Exercise material:
- Opening Delimiter -

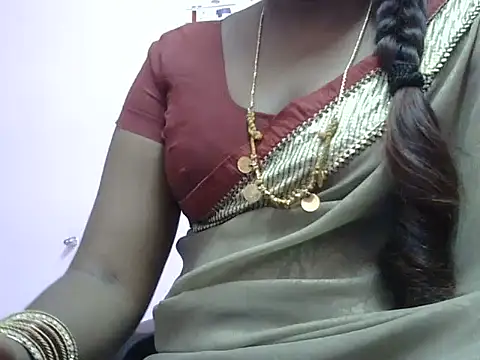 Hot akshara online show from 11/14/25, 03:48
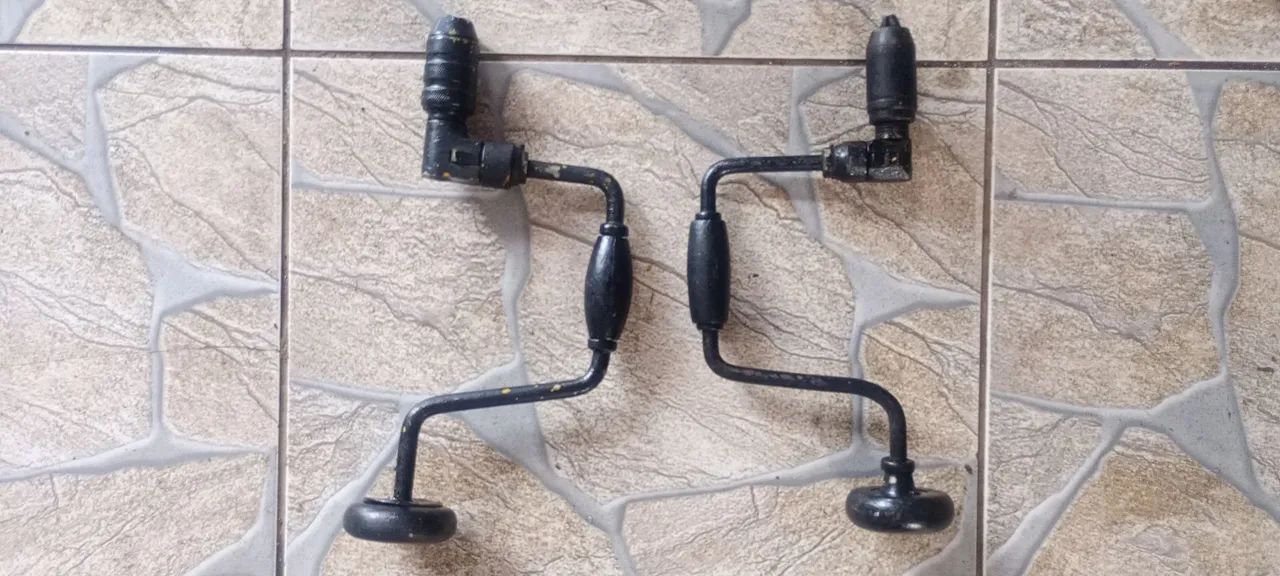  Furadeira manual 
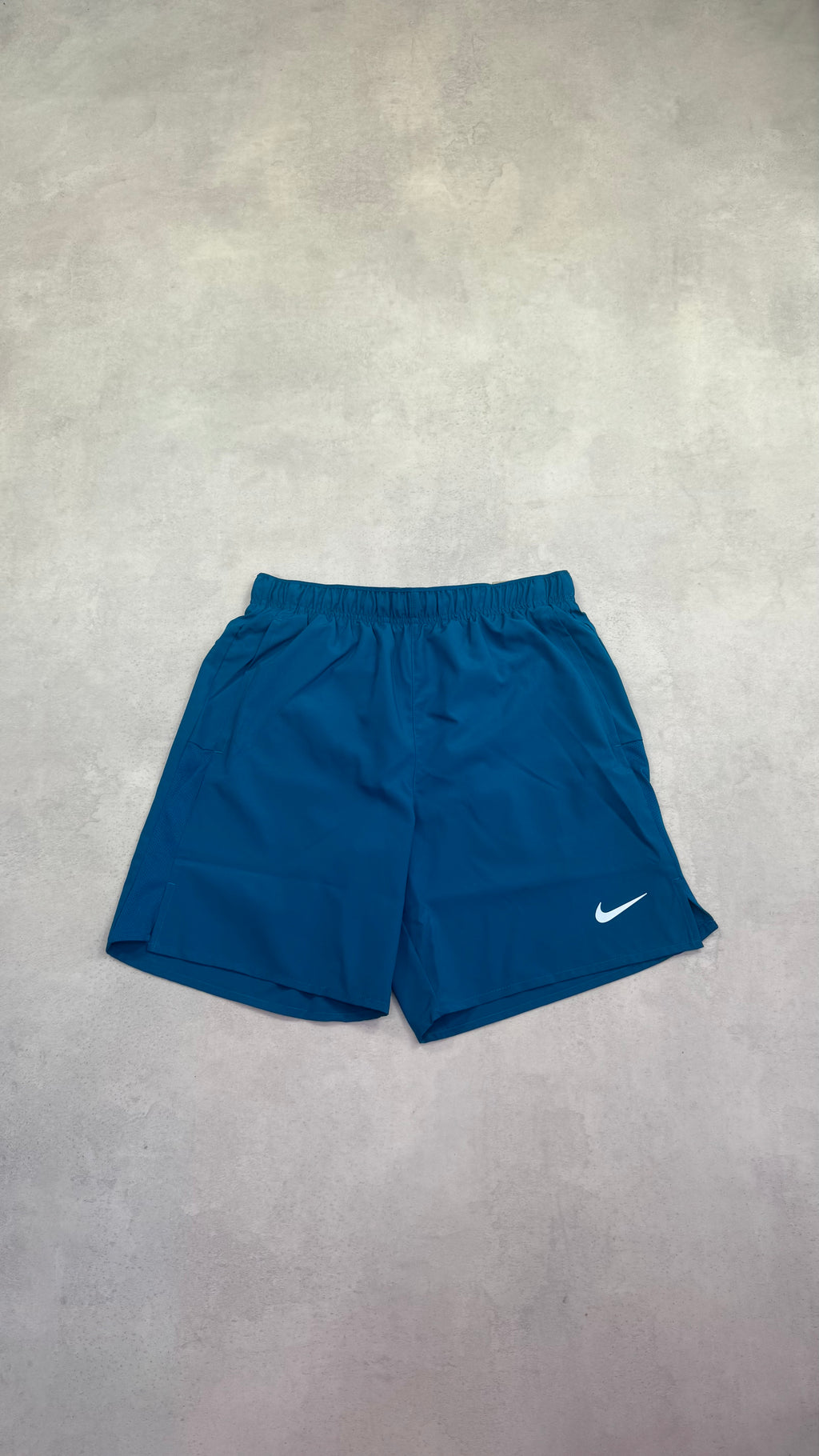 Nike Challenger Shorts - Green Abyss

- Closing Delimiter -
- Opening Delimiter -

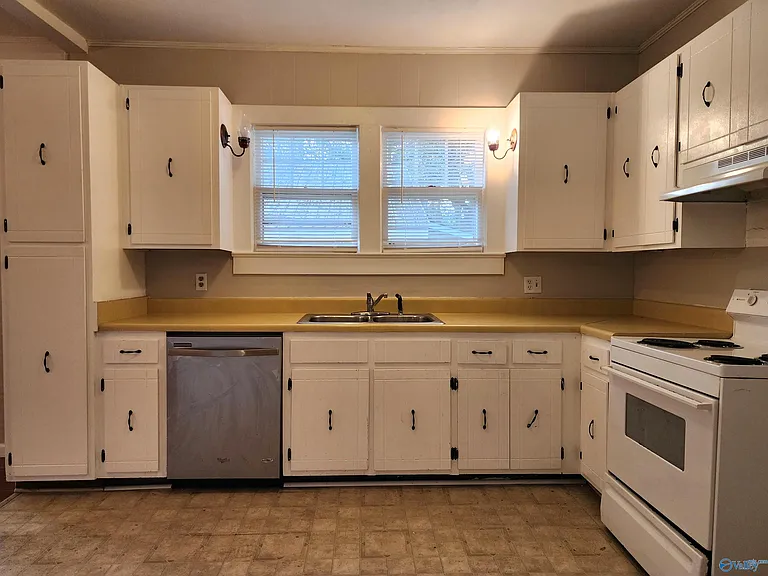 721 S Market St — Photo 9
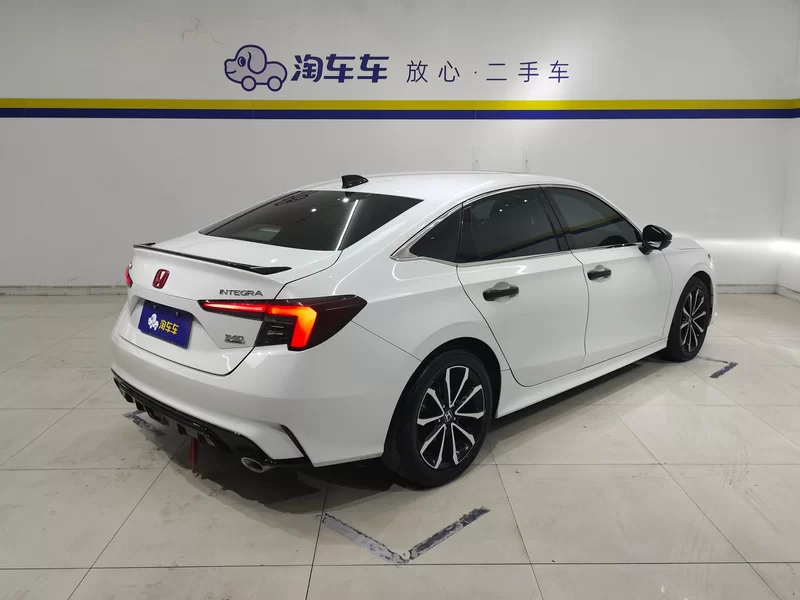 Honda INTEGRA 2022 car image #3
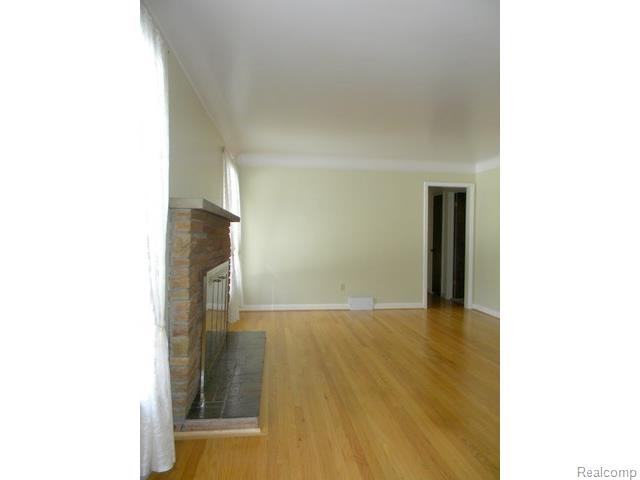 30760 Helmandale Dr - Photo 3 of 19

- Closing Delimiter -

Leave the pictures out. Output, exactly, the lines of the material above starting at the line containing "721 S Market St — Photo 9" and ending at the line containing "30760 Helmandale Dr - Photo 3 of 19".

 721 S Market St — Photo 9
 Honda INTEGRA 2022 car image #3
 30760 Helmandale Dr - Photo 3 of 19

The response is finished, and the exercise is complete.